▶ Directions
The records below are to be retyped in full. Keep every word.

[Source data]

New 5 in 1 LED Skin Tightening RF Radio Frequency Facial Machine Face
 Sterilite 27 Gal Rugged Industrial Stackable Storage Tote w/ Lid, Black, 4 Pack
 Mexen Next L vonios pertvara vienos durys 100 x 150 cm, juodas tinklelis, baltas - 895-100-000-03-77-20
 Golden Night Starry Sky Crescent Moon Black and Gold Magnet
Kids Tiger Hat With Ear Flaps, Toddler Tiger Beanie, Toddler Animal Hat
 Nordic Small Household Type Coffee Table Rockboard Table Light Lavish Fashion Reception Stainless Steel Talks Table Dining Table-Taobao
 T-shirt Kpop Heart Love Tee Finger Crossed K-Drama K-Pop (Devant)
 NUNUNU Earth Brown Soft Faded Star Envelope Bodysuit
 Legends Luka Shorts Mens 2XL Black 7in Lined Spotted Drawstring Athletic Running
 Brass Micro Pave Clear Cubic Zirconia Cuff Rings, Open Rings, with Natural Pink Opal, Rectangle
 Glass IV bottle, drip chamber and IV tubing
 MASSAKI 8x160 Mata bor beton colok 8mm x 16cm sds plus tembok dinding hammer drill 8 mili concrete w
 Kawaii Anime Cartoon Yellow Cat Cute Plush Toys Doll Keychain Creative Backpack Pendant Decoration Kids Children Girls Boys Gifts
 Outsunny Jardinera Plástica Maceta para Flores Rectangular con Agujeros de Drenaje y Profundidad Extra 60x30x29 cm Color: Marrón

[/Source data]

▶ Result for this exercise
New 5 in 1 LED Skin Tightening RF Radio Frequency Facial Machine Face
 Sterilite 27 Gal Rugged Industrial Stackable Storage Tote w/ Lid, Black, 4 Pack
 Mexen Next L vonios pertvara vienos durys 100 x 150 cm, juodas tinklelis, baltas - 895-100-000-03-77-20
 Golden Night Starry Sky Crescent Moon Black and Gold Magnet
Kids Tiger Hat With Ear Flaps, Toddler Tiger Beanie, Toddler Animal Hat
 Nordic Small Household Type Coffee Table Rockboard Table Light Lavish Fashion Reception Stainless Steel Talks Table Dining Table-Taobao
 T-shirt Kpop Heart Love Tee Finger Crossed K-Drama K-Pop (Devant)
 NUNUNU Earth Brown Soft Faded Star Envelope Bodysuit
 Legends Luka Shorts Mens 2XL Black 7in Lined Spotted Drawstring Athletic Running
 Brass Micro Pave Clear Cubic Zirconia Cuff Rings, Open Rings, with Natural Pink Opal, Rectangle
 Glass IV bottle, drip chamber and IV tubing
 MASSAKI 8x160 Mata bor beton colok 8mm x 16cm sds plus tembok dinding hammer drill 8 mili concrete w
 Kawaii Anime Cartoon Yellow Cat Cute Plush Toys Doll Keychain Creative Backpack Pendant Decoration Kids Children Girls Boys Gifts
 Outsunny Jardinera Plástica Maceta para Flores Rectangular con Agujeros de Drenaje y Profundidad Extra 60x30x29 cm Color: Marrón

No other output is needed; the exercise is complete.